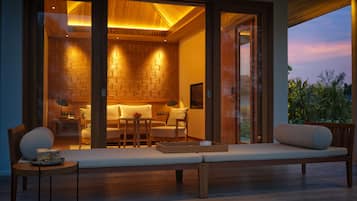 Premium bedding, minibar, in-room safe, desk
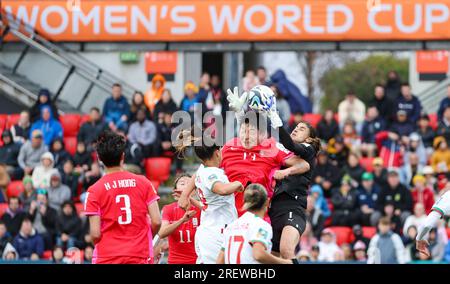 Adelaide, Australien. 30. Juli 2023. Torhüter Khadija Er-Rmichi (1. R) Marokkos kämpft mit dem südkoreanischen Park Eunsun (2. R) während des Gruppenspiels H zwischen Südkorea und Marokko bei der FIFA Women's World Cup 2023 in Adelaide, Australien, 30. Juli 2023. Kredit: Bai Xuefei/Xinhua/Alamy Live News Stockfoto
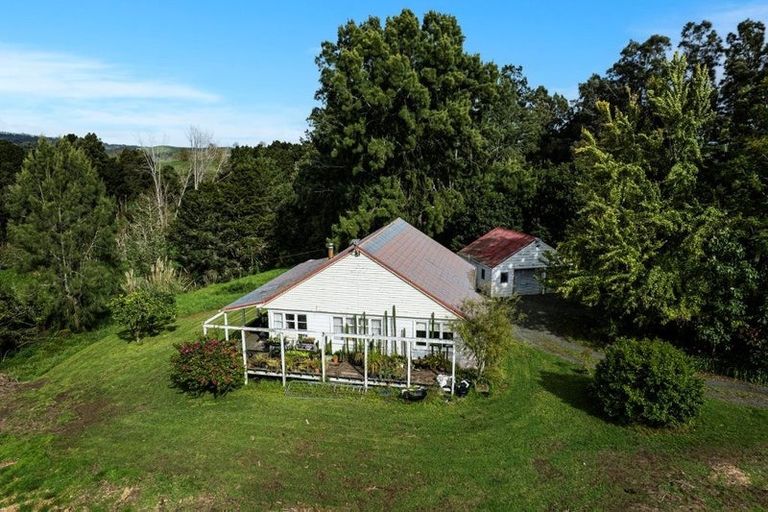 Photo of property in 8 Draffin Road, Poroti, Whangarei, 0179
========================
◆ YOUR ASSIGNMENT: Without any of its images, the data above should be returned exactly.

◆ ANSWER TO THIS PROBLEM:
 Premium bedding, minibar, in-room safe, desk
 Adelaide, Australien. 30. Juli 2023. Torhüter Khadija Er-Rmichi (1. R) Marokkos kämpft mit dem südkoreanischen Park Eunsun (2. R) während des Gruppenspiels H zwischen Südkorea und Marokko bei der FIFA Women's World Cup 2023 in Adelaide, Australien, 30. Juli 2023. Kredit: Bai Xuefei/Xinhua/Alamy Live News Stockfoto
 Photo of property in 8 Draffin Road, Poroti, Whangarei, 0179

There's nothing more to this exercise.